## Available data
============================================================

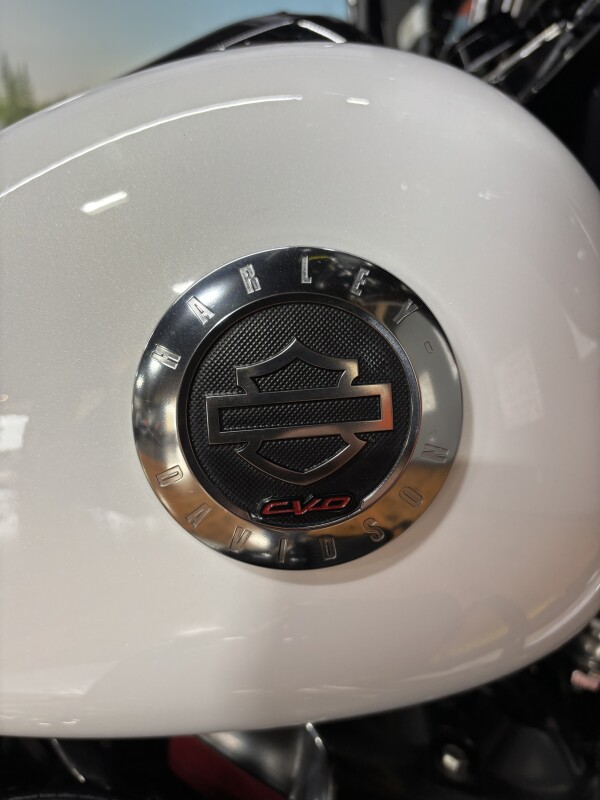 2021 Harley-Davidson CVO Street Glide GREAT WHITE PEARL & BLK HOL - Photo 4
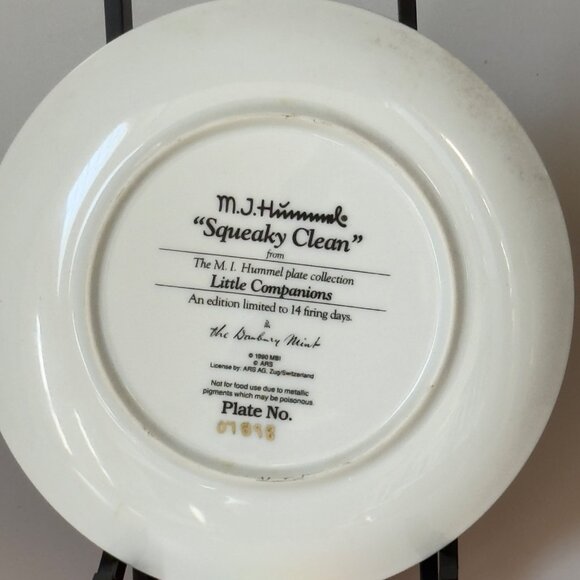M.J. Hummel "Squeaky Clean" Limited Edition Collector Plate - Picture 2 of 10
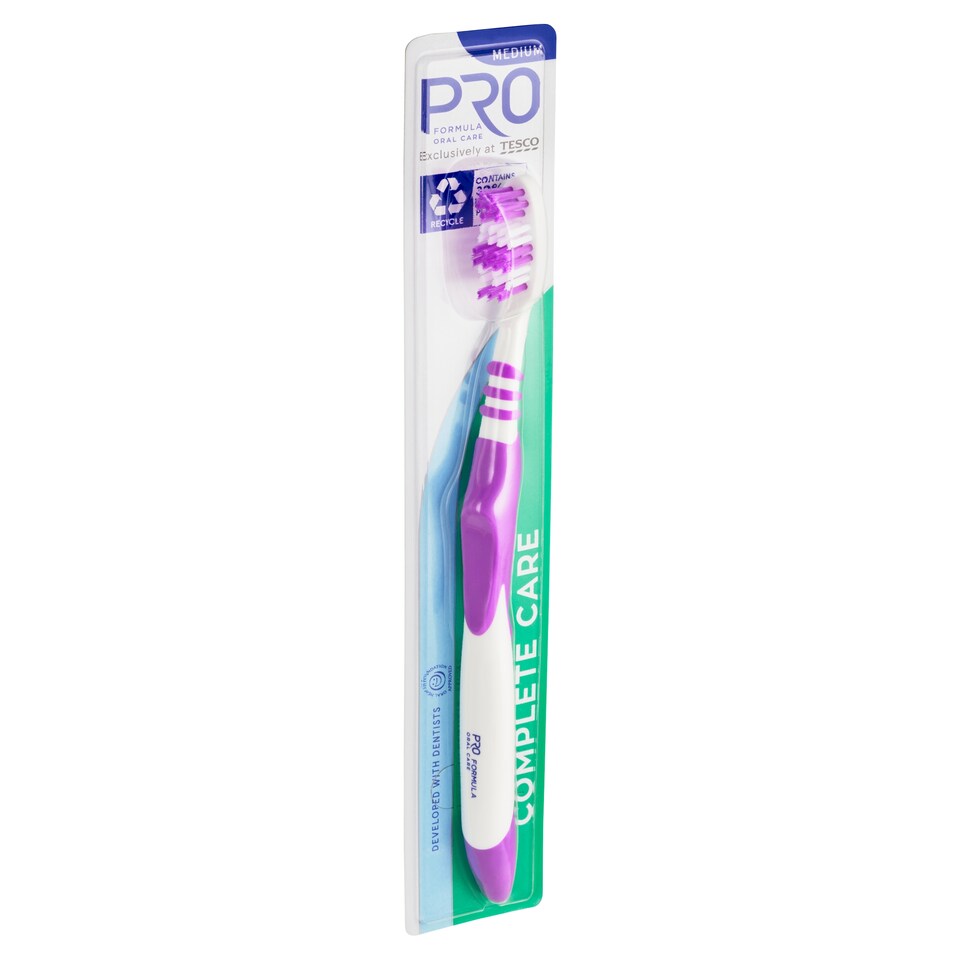 obrázok 1 z Pro Formula Complete Care Medium zubná kefka s ohybným krkom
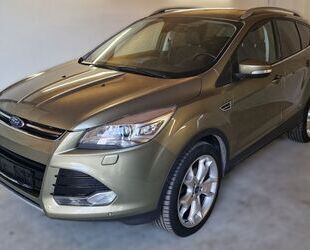 Ford Ford Kuga Titanium 2.0 TDCi 4x4 Navi Pannorama AHK Gebrauchtwagen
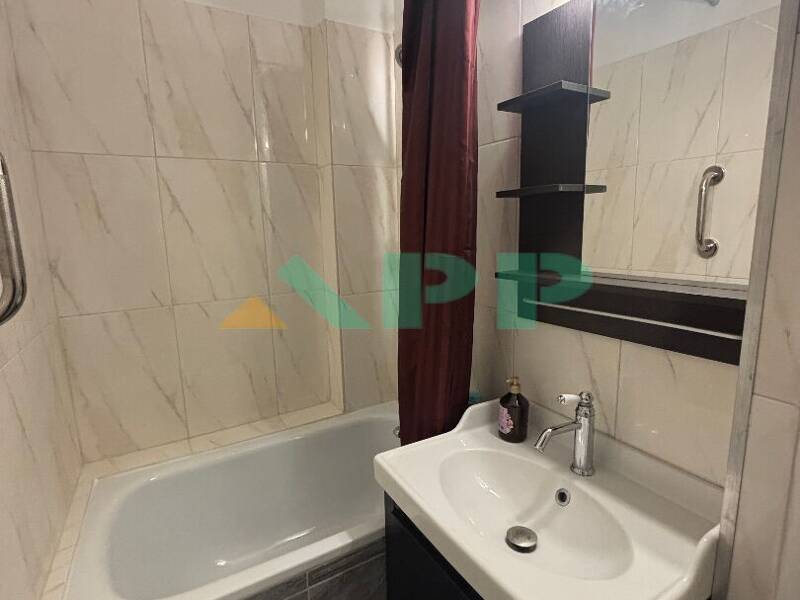 Maison à louer, 26m², PARIS 11E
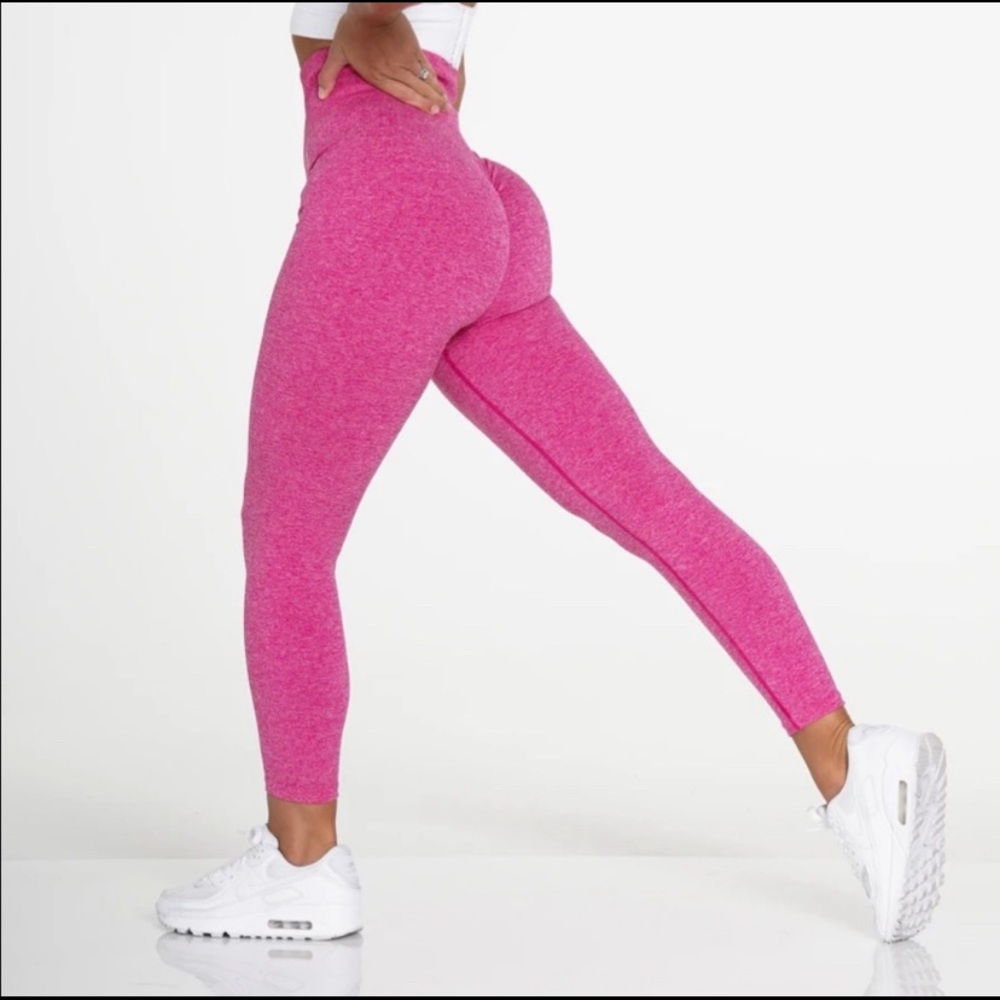 NVGTN scrunch legging NWT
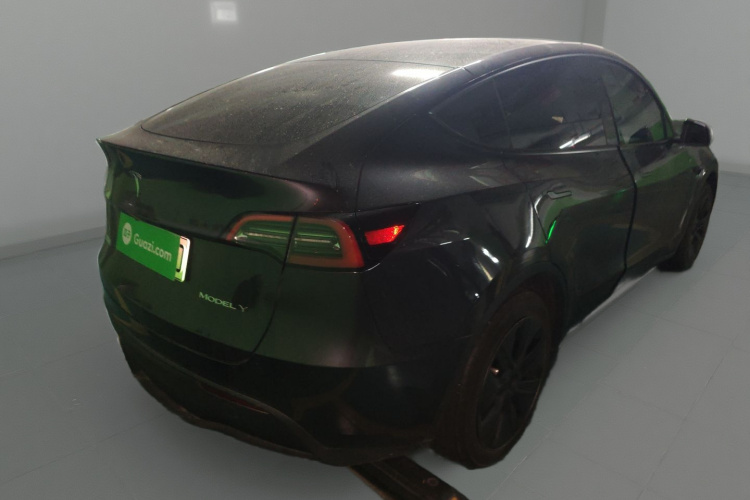 特斯拉 Model Y 2024款 后轮驱动版车身外观7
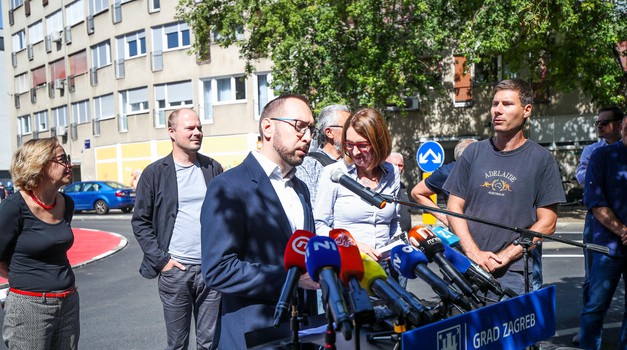 Pernar razvaljuje Tomaševića njegovim oružjem - aktivizmom! Opet ga je izludio do besvijesti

============================================================

## Task description
Repeat every line above precisely; pictures do not belong in the copy.

## Task response
 2021 Harley-Davidson CVO Street Glide GREAT WHITE PEARL & BLK HOL - Photo 4
M.J. Hummel "Squeaky Clean" Limited Edition Collector Plate - Picture 2 of 10
 obrázok 1 z Pro Formula Complete Care Medium zubná kefka s ohybným krkom
 Ford Ford Kuga Titanium 2.0 TDCi 4x4 Navi Pannorama AHK Gebrauchtwagen
 Maison à louer, 26m², PARIS 11E
 NVGTN scrunch legging NWT
 特斯拉 Model Y 2024款 后轮驱动版车身外观7
 Pernar razvaljuje Tomaševića njegovim oružjem - aktivizmom! Opet ga je izludio do besvijesti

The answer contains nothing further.